-- YOUR TASK --
Give back all the records below, unaltered.

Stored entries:
■ ■ ■ ■ ■ ■ ■
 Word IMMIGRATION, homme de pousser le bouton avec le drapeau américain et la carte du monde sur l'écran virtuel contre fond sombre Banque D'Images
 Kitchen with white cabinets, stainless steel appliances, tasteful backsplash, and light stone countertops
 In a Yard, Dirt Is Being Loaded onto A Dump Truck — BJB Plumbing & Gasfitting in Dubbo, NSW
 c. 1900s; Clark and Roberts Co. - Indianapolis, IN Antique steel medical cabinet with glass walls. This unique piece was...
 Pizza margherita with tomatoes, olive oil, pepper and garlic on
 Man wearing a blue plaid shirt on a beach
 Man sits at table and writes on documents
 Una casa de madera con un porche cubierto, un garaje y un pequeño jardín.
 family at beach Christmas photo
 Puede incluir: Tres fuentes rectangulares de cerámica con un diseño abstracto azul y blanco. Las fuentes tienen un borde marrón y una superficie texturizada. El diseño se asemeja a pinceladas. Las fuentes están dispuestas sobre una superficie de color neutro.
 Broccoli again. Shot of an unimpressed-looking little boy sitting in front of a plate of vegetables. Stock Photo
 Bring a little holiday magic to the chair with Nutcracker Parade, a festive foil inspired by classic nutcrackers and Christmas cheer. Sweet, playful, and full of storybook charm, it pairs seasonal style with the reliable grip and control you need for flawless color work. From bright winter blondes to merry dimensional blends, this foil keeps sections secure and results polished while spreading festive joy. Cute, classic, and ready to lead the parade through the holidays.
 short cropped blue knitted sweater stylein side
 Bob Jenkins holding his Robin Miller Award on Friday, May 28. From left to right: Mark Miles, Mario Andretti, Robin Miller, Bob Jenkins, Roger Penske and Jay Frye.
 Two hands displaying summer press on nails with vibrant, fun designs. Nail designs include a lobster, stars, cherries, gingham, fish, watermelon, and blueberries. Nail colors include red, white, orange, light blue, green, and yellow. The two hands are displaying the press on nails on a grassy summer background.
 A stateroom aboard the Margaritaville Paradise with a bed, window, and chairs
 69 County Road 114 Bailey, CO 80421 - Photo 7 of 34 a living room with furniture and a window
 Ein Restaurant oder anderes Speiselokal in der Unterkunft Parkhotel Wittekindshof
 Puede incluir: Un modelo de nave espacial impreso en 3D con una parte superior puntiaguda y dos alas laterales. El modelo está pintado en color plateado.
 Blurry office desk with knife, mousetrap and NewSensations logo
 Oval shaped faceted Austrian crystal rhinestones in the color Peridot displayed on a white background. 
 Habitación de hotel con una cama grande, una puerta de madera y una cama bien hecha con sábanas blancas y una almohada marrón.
■ ■ ■ ■ ■ ■ ■
-- EXERCISE RESPONSE --
 Word IMMIGRATION, homme de pousser le bouton avec le drapeau américain et la carte du monde sur l'écran virtuel contre fond sombre Banque D'Images
 Kitchen with white cabinets, stainless steel appliances, tasteful backsplash, and light stone countertops
 In a Yard, Dirt Is Being Loaded onto A Dump Truck — BJB Plumbing & Gasfitting in Dubbo, NSW
 c. 1900s; Clark and Roberts Co. - Indianapolis, IN Antique steel medical cabinet with glass walls. This unique piece was...
 Pizza margherita with tomatoes, olive oil, pepper and garlic on
 Man wearing a blue plaid shirt on a beach
 Man sits at table and writes on documents
 Una casa de madera con un porche cubierto, un garaje y un pequeño jardín.
 family at beach Christmas photo
 Puede incluir: Tres fuentes rectangulares de cerámica con un diseño abstracto azul y blanco. Las fuentes tienen un borde marrón y una superficie texturizada. El diseño se asemeja a pinceladas. Las fuentes están dispuestas sobre una superficie de color neutro.
 Broccoli again. Shot of an unimpressed-looking little boy sitting in front of a plate of vegetables. Stock Photo
 Bring a little holiday magic to the chair with Nutcracker Parade, a festive foil inspired by classic nutcrackers and Christmas cheer. Sweet, playful, and full of storybook charm, it pairs seasonal style with the reliable grip and control you need for flawless color work. From bright winter blondes to merry dimensional blends, this foil keeps sections secure and results polished while spreading festive joy. Cute, classic, and ready to lead the parade through the holidays.
 short cropped blue knitted sweater stylein side
 Bob Jenkins holding his Robin Miller Award on Friday, May 28. From left to right: Mark Miles, Mario Andretti, Robin Miller, Bob Jenkins, Roger Penske and Jay Frye.
 Two hands displaying summer press on nails with vibrant, fun designs. Nail designs include a lobster, stars, cherries, gingham, fish, watermelon, and blueberries. Nail colors include red, white, orange, light blue, green, and yellow. The two hands are displaying the press on nails on a grassy summer background.
 A stateroom aboard the Margaritaville Paradise with a bed, window, and chairs
 69 County Road 114 Bailey, CO 80421 - Photo 7 of 34 a living room with furniture and a window
 Ein Restaurant oder anderes Speiselokal in der Unterkunft Parkhotel Wittekindshof
 Puede incluir: Un modelo de nave espacial impreso en 3D con una parte superior puntiaguda y dos alas laterales. El modelo está pintado en color plateado.
 Blurry office desk with knife, mousetrap and NewSensations logo
 Oval shaped faceted Austrian crystal rhinestones in the color Peridot displayed on a white background. 
 Habitación de hotel con una cama grande, una puerta de madera y una cama bien hecha con sábanas blancas y una almohada marrón.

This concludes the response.